--- DATA SUPPLIED Enclosed Below ---
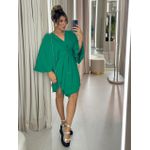 VESTIDO KIMONO LISO VERDE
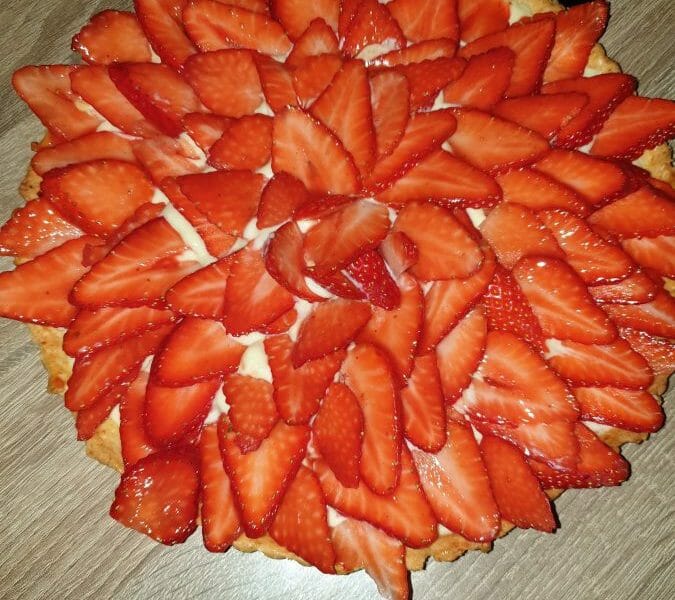 Cliquez pour zoomer ! Tarte aux fraises Thermomix par Rasy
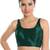 women's dupion silk blend  padded back open sleeveless saree blouse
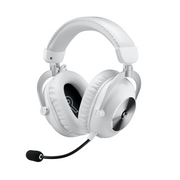 Diadema Gamer Inalámbrica Logitech G PRO X 2 | Hasta 50 Horas de Batería Recargable | Micrófono Cardioide Desmontable | Blue VO!CE | Sonido Surround DTS Headphone:X 2.0 | 2.4 GHz / Bluetooth / 3.5 mm | PC / PS4 / PS5 / Switch | Blanco | 981-001268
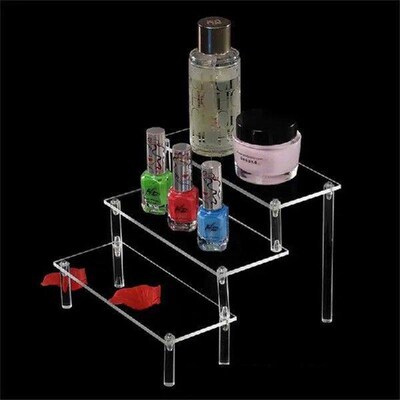1 Tier Acrylic Display Stand Clear Display Riser Rack for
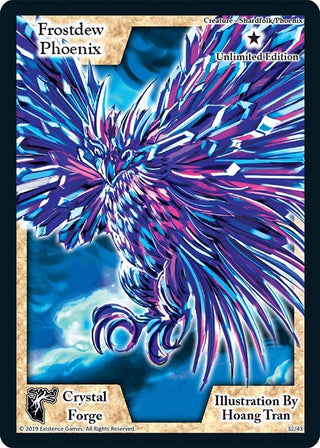 Frostdew Phoenix (Unlimited Edition) (32) [CRF] - Exodus TCG Single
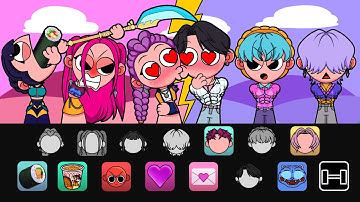 KPOP Sprunki Mod - HUNTR/X VS SAJA BOYS / KPOP DEMON HUNTERS version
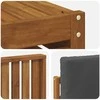 Lauko sofos komplektas su pagalve 8 pcs Natūralus ir antracitas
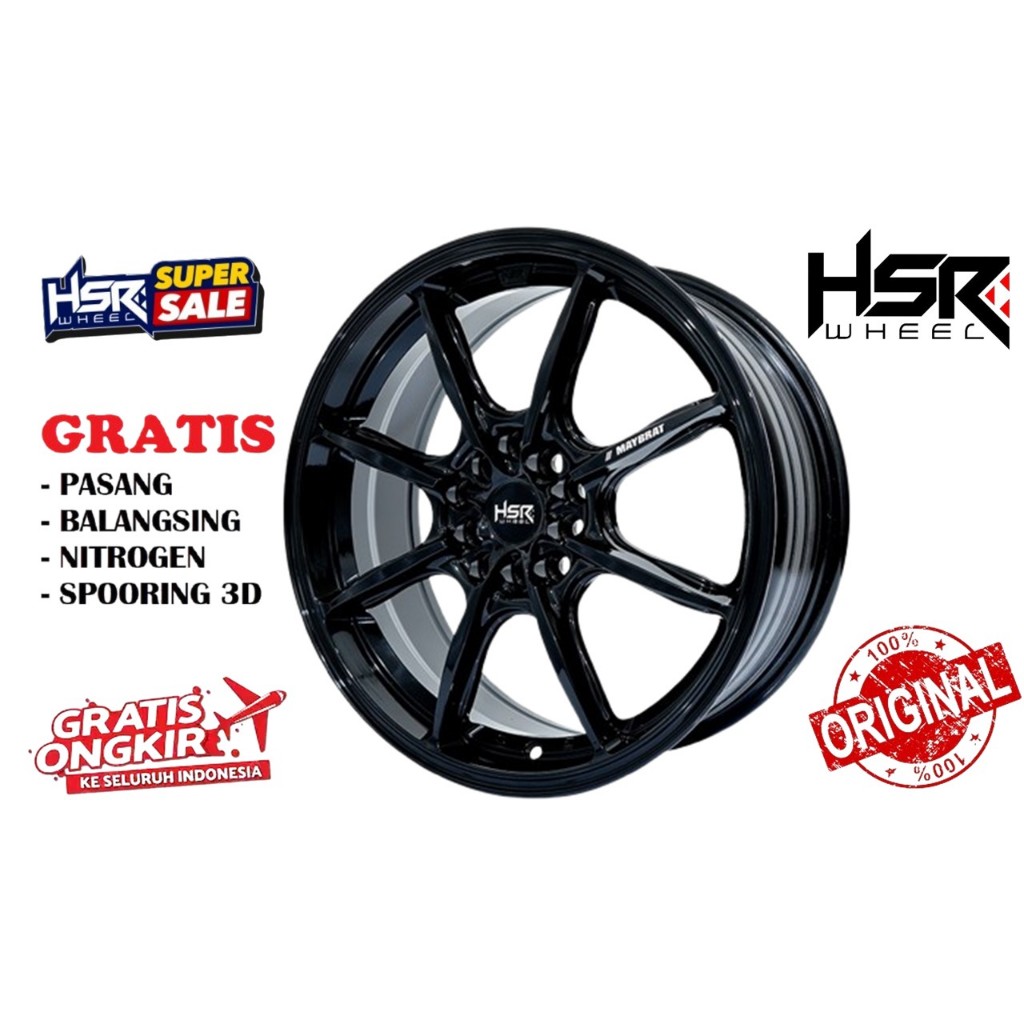 Velg Mobil HSR Ring 17 Type HSR Maybrat Untuk Mobil Innova Rush Terios Xpander DLL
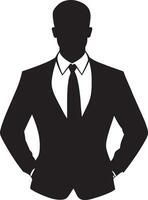 silhouette of a man in a suit and tie vector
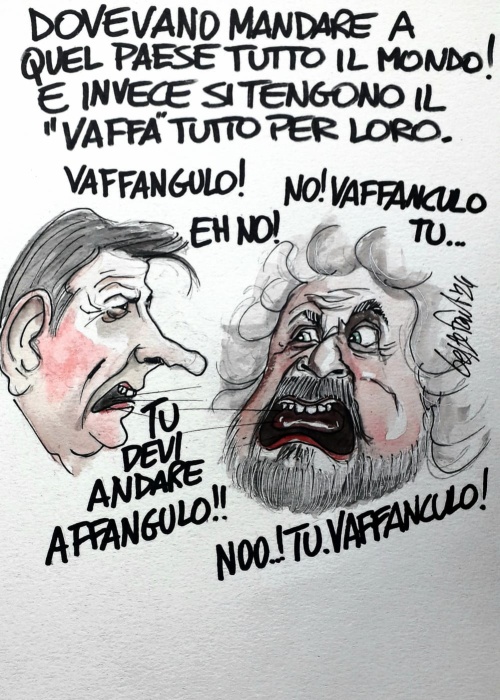 Sedute Satiriche di Beppe Fantin - Vignetta del 26/09/2024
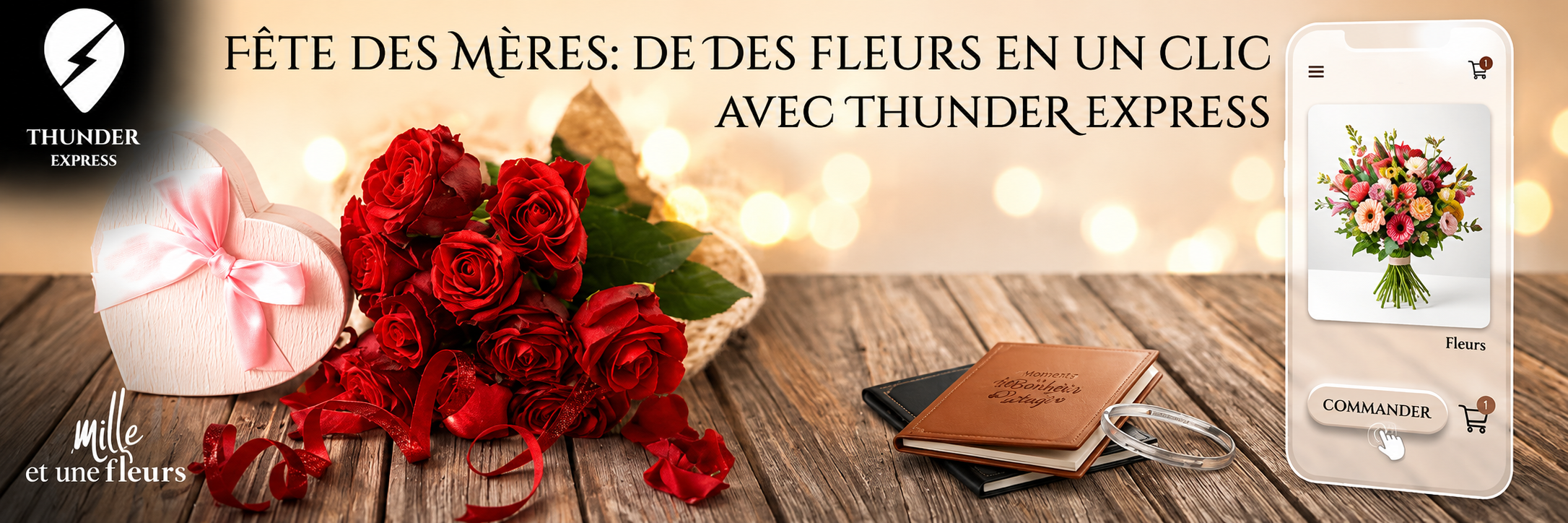 Fête des Mères 31 mai : un bouquet, un clic, livré chez elle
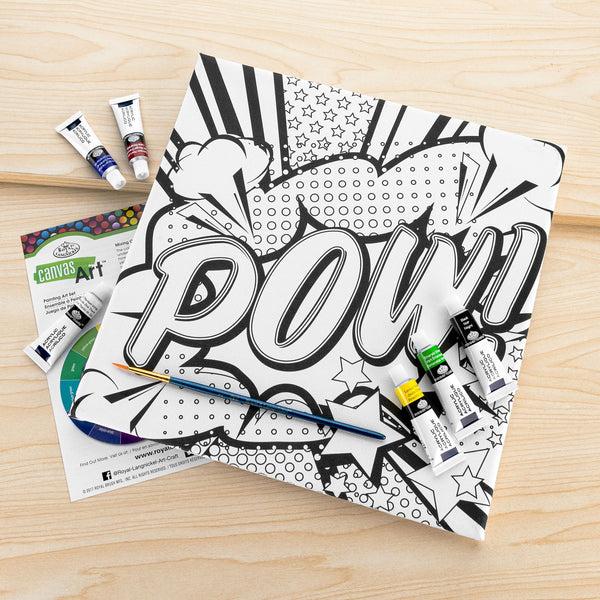 Royal And Langnickel RTN-272 | Canvas Art™ 9pc Acrylic Painting "Pow " Art Set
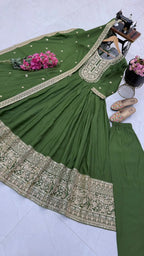 Roman Silk Anarkali Set 7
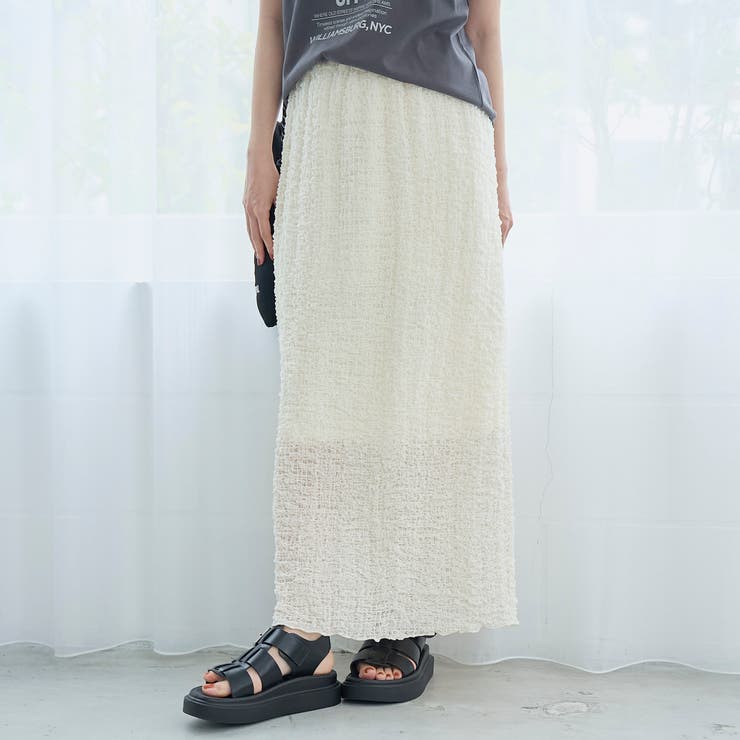 OFF WHITE | ポコポコシアーナロースカート | coen【women】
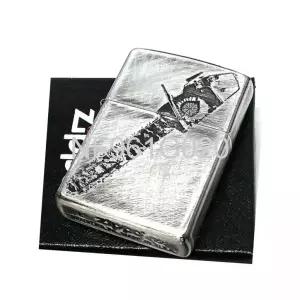  바이오하자드 RE4 체인톱 ZIPPO 빈티지 에칭 라이타 실버 한정판 일본정품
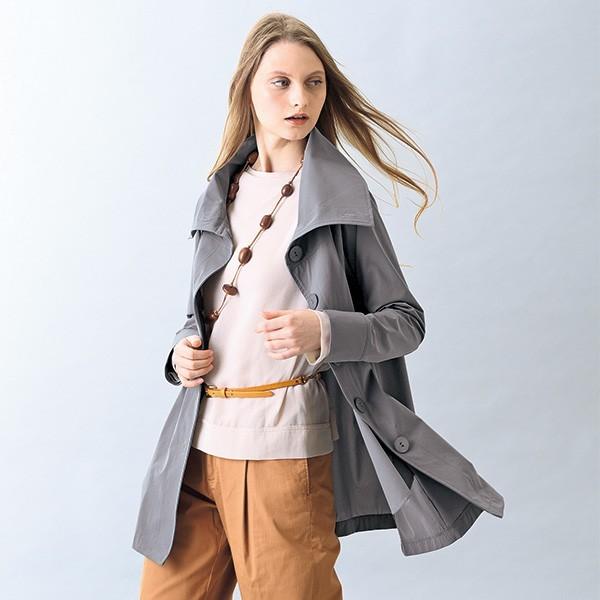 ジャケット アウター レディース 秋 冬 変化衿ロングジャケット 40代 50代 60代 70代 ミセスファッション シニアファッション 服 京都通販 ミセスのファッション館 通販 Yahoo ショッピング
--- End of Enclosed DATA SUPPLIED ---
Output an exact copy of the lines from the one with "Roman Silk Anarkali Set 7" through the closing line of the records, inclusive, without any images.

 Roman Silk Anarkali Set 7
 OFF WHITE | ポコポコシアーナロースカート | coen【women】
  바이오하자드 RE4 체인톱 ZIPPO 빈티지 에칭 라이타 실버 한정판 일본정품
 ジャケット アウター レディース 秋 冬 変化衿ロングジャケット 40代 50代 60代 70代 ミセスファッション シニアファッション 服 京都通販 ミセスのファッション館 通販 Yahoo ショッピング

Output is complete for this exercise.